孝廉に選抜されたことにより文官として登用され、行政官僚としての地位を得ることができたのであります。この制度、単なる学歴や試験の成績だけではなく、孝行心や地域での評判が高いといった、人格と徳行を重視する登用方式だったのが特徴であります。まさに曹操、許劭の見抜いた戦略的評価向上策により出世街道に乗ったのであります。


二十歳の曹操、孝廉選抜により文官の郎に就き、さらに地方長官の北都尉に抜擢されたのでありました。


新しい役職である北都尉に就任しますと、すぐに五色の棒十数本を県の四門に設置したそうであります。もし規則や命令に違反する者がいれば、曹操はその者が豪族や貴族であろうとも関係なく、皆これを罰したのであります。曹操が法を厳格に執行し、身分に関係なく公平に違反者を処罰したのでした。


中常侍の蹇碩の叔父が夜間に剣を携帯して歩いていると、曹操が夜間巡視で捕まえ、設置してあった「五色の棒」を使って、その違反行為を厳しく罰したそうであります。一説には即座に叩き殺してしまったという話もございます。おぉ怖い。


この一件から内外を問わず犯す者はいなくなり、彼の威名は広く知れ渡ったのであります。その後、頓丘の令となりました。

頓丘とは現在の河南省頓丘県でありますが、この頓丘の長官つまり県令、現在であれば知事に任命されたのであります。


県令は知事相当ですから地方行政を司る重要な官職の一つであります。治安維持や税収管理など、その地域の統治を担当する役職、曹操は若くして郡県の長官にまで登用され、その手腕を発揮して地域の治安と秩序を維持したのです。
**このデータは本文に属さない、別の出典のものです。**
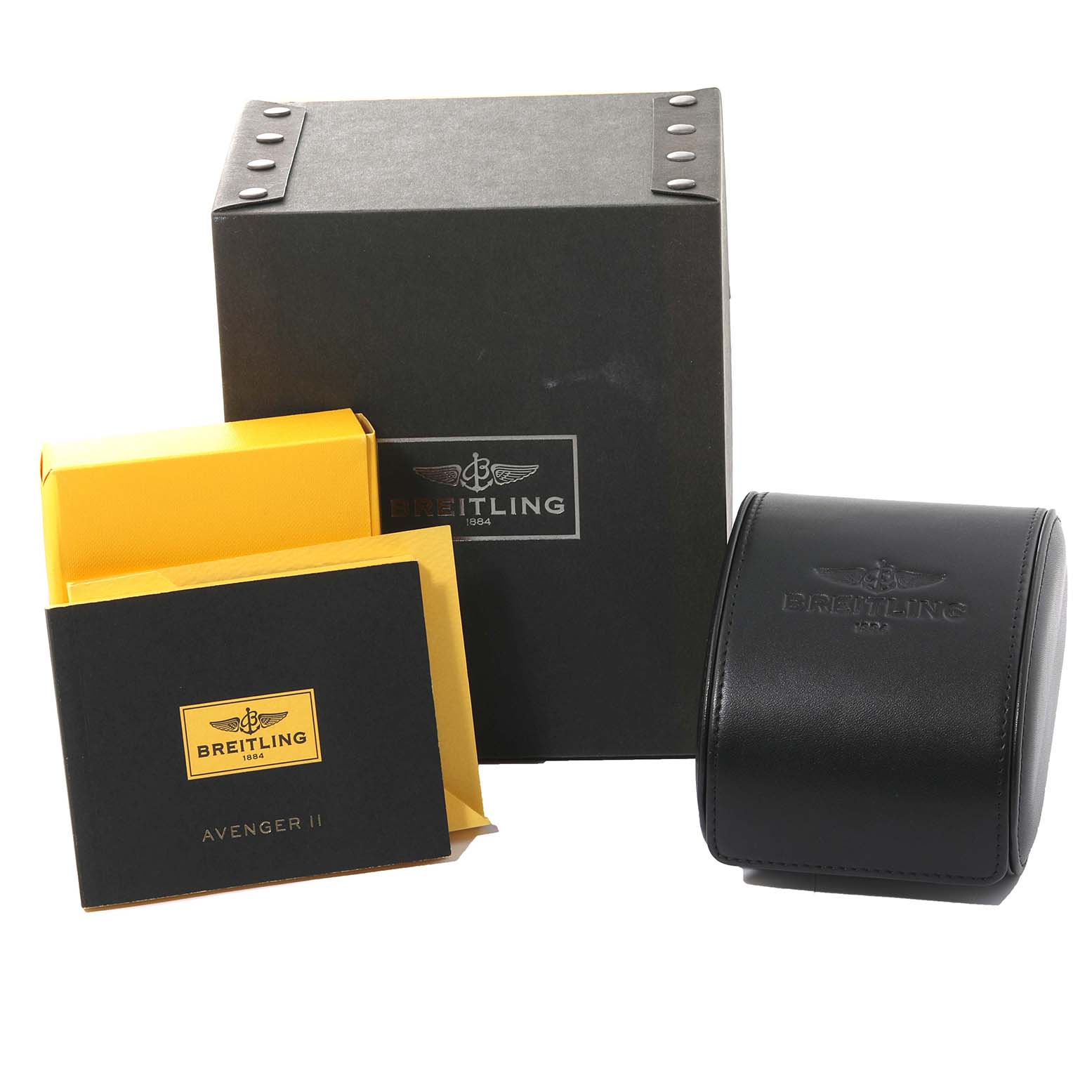 The image shows the packaging, manual, and carrying case for a Breitling Avenger A13381 Men's Stainless Steel White Dial A13381 Men's Stainless Steel White Dial model watch.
そして黄巾の乱が起きますと、曹操は騎都尉に任命され、騎馬と歩兵を合わせて五千の軍勢を率いて潁川へ戦いに向かったのであります。


そして話は本筋に戻ります。


ちょうど張梁と張宝が敗走しているところに出くわしました。

曹操は立ちふさがり、戦い激しく、一気に一万余りの首級を取り、賊軍の旗幟や軍旗、金鼓や馬といった大量の物資を敵から奪い取ったのであります。


張梁と張宝の軍は必死の戦いを繰り広げ、何とか逃げ延びることができたそうです。

しかし曹操はそれにとどまることなく、皇甫嵩と朱儁の軍と合流すると、すぐさま兵を率いて張梁と張寶の追撃に向かったのであります。


見よ!これこそ曹操の武勇の片鱗であります。五千の軍勢で賊の大軍…と言いましてもどれくらいの兵数かは不明ではありますが、何にせよ一万以上の軍を撃破し、首級と戦利品を大量に奪取したのです。さらにはその勢いのままに追撃を継続し、敵を完全に潰さんとしているのであります。